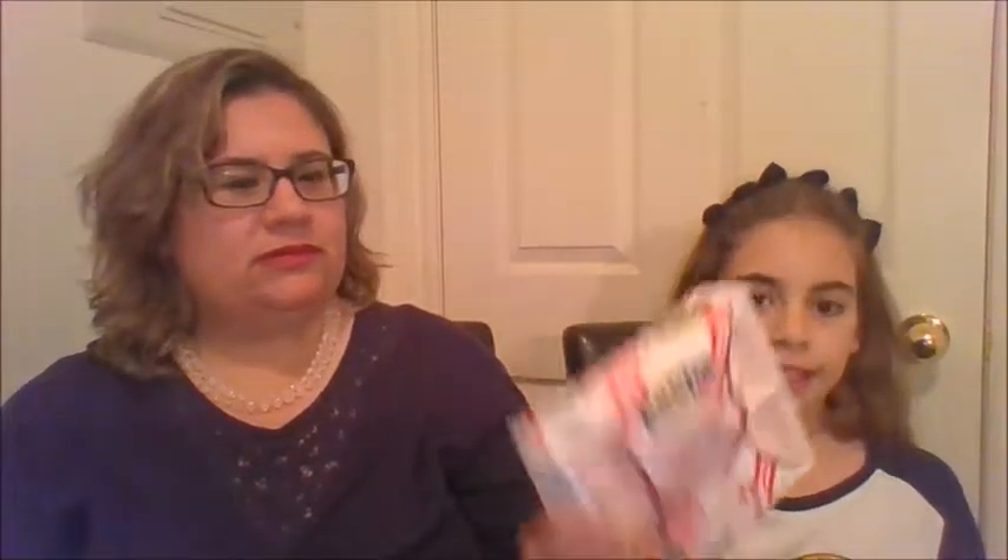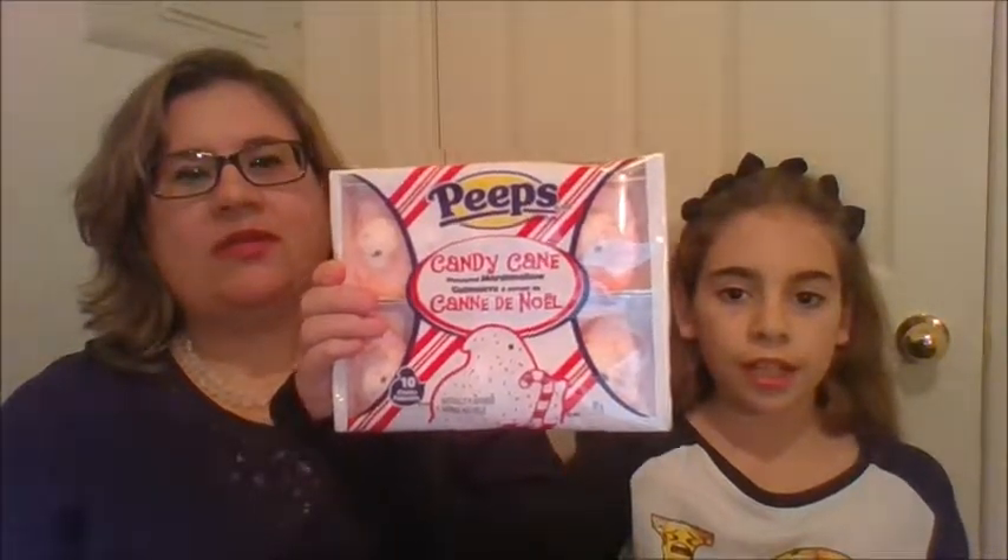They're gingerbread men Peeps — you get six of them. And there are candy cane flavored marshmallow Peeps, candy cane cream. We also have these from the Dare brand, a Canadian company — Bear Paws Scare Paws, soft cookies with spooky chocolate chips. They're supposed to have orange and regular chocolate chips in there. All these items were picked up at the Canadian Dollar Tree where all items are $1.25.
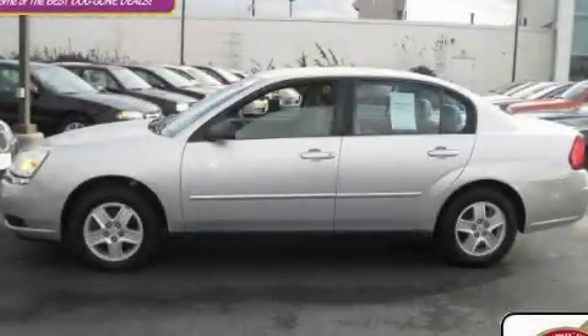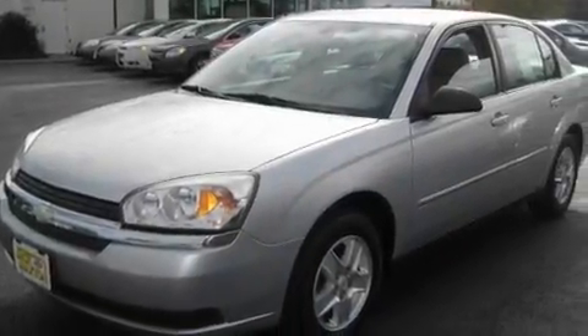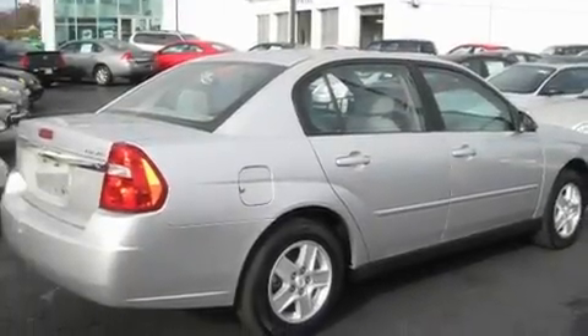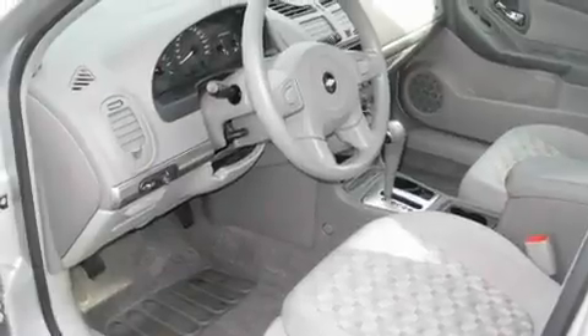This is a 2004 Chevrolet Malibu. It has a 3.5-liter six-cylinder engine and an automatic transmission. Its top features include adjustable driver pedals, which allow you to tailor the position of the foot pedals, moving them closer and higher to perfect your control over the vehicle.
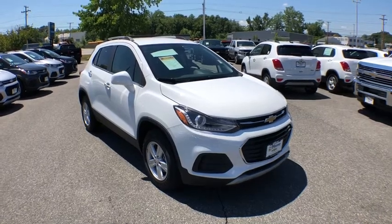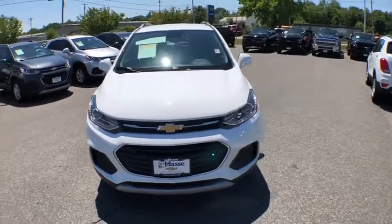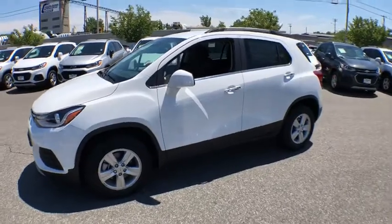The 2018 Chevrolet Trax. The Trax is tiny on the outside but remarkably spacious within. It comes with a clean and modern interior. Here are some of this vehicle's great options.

========================================================================

→ Aim of the task: The listing above must be given again exactly, minus its pictures.

→ Response:
They're gingerbread men Peeps — you get six of them. And there are candy cane flavored marshmallow Peeps, candy cane cream. We also have these from the Dare brand, a Canadian company — Bear Paws Scare Paws, soft cookies with spooky chocolate chips. They're supposed to have orange and regular chocolate chips in there. All these items were picked up at the Canadian Dollar Tree where all items are $1.25.
This is a 2004 Chevrolet Malibu. It has a 3.5-liter six-cylinder engine and an automatic transmission. Its top features include adjustable driver pedals, which allow you to tailor the position of the foot pedals, moving them closer and higher to perfect your control over the vehicle.
The 2018 Chevrolet Trax. The Trax is tiny on the outside but remarkably spacious within. It comes with a clean and modern interior. Here are some of this vehicle's great options.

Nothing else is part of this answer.